▸ The task: Would you please give all the lines below again, exactly as they stand?

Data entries
____
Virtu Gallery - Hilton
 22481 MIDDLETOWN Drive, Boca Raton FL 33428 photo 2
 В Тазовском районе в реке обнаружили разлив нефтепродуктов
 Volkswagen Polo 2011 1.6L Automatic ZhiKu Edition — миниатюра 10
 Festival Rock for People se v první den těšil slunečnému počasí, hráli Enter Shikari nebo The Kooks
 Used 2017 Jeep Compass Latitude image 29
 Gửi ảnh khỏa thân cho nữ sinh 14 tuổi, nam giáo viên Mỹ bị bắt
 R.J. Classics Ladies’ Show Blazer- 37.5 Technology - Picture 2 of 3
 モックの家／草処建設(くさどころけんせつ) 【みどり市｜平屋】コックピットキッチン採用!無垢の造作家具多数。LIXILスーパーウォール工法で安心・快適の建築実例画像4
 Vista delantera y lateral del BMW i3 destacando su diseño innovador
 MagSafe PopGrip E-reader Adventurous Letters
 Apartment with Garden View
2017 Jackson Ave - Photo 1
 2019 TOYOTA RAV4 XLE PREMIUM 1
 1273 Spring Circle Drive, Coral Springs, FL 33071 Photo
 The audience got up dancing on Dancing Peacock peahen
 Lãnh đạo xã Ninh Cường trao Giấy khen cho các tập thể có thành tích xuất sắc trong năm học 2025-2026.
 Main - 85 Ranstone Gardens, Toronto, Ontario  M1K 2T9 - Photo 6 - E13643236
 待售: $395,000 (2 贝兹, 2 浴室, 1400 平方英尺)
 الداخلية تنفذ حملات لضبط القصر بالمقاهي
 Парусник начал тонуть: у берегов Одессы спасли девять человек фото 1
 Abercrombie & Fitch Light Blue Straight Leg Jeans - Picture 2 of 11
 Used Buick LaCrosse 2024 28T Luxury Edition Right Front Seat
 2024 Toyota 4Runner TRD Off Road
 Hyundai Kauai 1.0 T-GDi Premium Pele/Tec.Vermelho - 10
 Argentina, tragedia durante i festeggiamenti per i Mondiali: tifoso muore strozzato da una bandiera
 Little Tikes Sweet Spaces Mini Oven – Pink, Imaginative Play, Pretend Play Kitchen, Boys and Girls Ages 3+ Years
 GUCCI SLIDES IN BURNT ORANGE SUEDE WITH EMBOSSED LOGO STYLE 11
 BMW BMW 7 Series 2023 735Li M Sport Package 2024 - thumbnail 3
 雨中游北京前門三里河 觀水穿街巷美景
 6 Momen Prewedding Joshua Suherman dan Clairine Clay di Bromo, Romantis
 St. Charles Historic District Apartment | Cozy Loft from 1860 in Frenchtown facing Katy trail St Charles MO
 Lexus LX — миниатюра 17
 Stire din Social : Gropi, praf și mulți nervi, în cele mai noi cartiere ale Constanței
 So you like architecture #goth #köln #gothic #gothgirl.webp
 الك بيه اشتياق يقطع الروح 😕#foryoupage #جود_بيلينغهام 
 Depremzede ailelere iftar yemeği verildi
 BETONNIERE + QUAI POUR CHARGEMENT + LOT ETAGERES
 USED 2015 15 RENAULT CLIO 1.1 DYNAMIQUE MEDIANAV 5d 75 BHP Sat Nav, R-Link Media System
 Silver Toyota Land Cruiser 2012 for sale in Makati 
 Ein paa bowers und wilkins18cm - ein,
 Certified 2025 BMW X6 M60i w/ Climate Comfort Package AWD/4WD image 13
____
▸ Response area:
Virtu Gallery - Hilton
 22481 MIDDLETOWN Drive, Boca Raton FL 33428 photo 2
 В Тазовском районе в реке обнаружили разлив нефтепродуктов
 Volkswagen Polo 2011 1.6L Automatic ZhiKu Edition — миниатюра 10
 Festival Rock for People se v první den těšil slunečnému počasí, hráli Enter Shikari nebo The Kooks
 Used 2017 Jeep Compass Latitude image 29
 Gửi ảnh khỏa thân cho nữ sinh 14 tuổi, nam giáo viên Mỹ bị bắt
 R.J. Classics Ladies’ Show Blazer- 37.5 Technology - Picture 2 of 3
 モックの家／草処建設(くさどころけんせつ) 【みどり市｜平屋】コックピットキッチン採用!無垢の造作家具多数。LIXILスーパーウォール工法で安心・快適の建築実例画像4
 Vista delantera y lateral del BMW i3 destacando su diseño innovador
 MagSafe PopGrip E-reader Adventurous Letters
 Apartment with Garden View
2017 Jackson Ave - Photo 1
 2019 TOYOTA RAV4 XLE PREMIUM 1
 1273 Spring Circle Drive, Coral Springs, FL 33071 Photo
 The audience got up dancing on Dancing Peacock peahen
 Lãnh đạo xã Ninh Cường trao Giấy khen cho các tập thể có thành tích xuất sắc trong năm học 2025-2026.
 Main - 85 Ranstone Gardens, Toronto, Ontario  M1K 2T9 - Photo 6 - E13643236
 待售: $395,000 (2 贝兹, 2 浴室, 1400 平方英尺)
 الداخلية تنفذ حملات لضبط القصر بالمقاهي
 Парусник начал тонуть: у берегов Одессы спасли девять человек фото 1
 Abercrombie & Fitch Light Blue Straight Leg Jeans - Picture 2 of 11
 Used Buick LaCrosse 2024 28T Luxury Edition Right Front Seat
 2024 Toyota 4Runner TRD Off Road
 Hyundai Kauai 1.0 T-GDi Premium Pele/Tec.Vermelho - 10
 Argentina, tragedia durante i festeggiamenti per i Mondiali: tifoso muore strozzato da una bandiera
 Little Tikes Sweet Spaces Mini Oven – Pink, Imaginative Play, Pretend Play Kitchen, Boys and Girls Ages 3+ Years
 GUCCI SLIDES IN BURNT ORANGE SUEDE WITH EMBOSSED LOGO STYLE 11
 BMW BMW 7 Series 2023 735Li M Sport Package 2024 - thumbnail 3
 雨中游北京前門三里河 觀水穿街巷美景
 6 Momen Prewedding Joshua Suherman dan Clairine Clay di Bromo, Romantis
 St. Charles Historic District Apartment | Cozy Loft from 1860 in Frenchtown facing Katy trail St Charles MO
 Lexus LX — миниатюра 17
 Stire din Social : Gropi, praf și mulți nervi, în cele mai noi cartiere ale Constanței
 So you like architecture #goth #köln #gothic #gothgirl.webp
 الك بيه اشتياق يقطع الروح 😕#foryoupage #جود_بيلينغهام 
 Depremzede ailelere iftar yemeği verildi
 BETONNIERE + QUAI POUR CHARGEMENT + LOT ETAGERES
 USED 2015 15 RENAULT CLIO 1.1 DYNAMIQUE MEDIANAV 5d 75 BHP Sat Nav, R-Link Media System
 Silver Toyota Land Cruiser 2012 for sale in Makati 
 Ein paa bowers und wilkins18cm - ein,
 Certified 2025 BMW X6 M60i w/ Climate Comfort Package AWD/4WD image 13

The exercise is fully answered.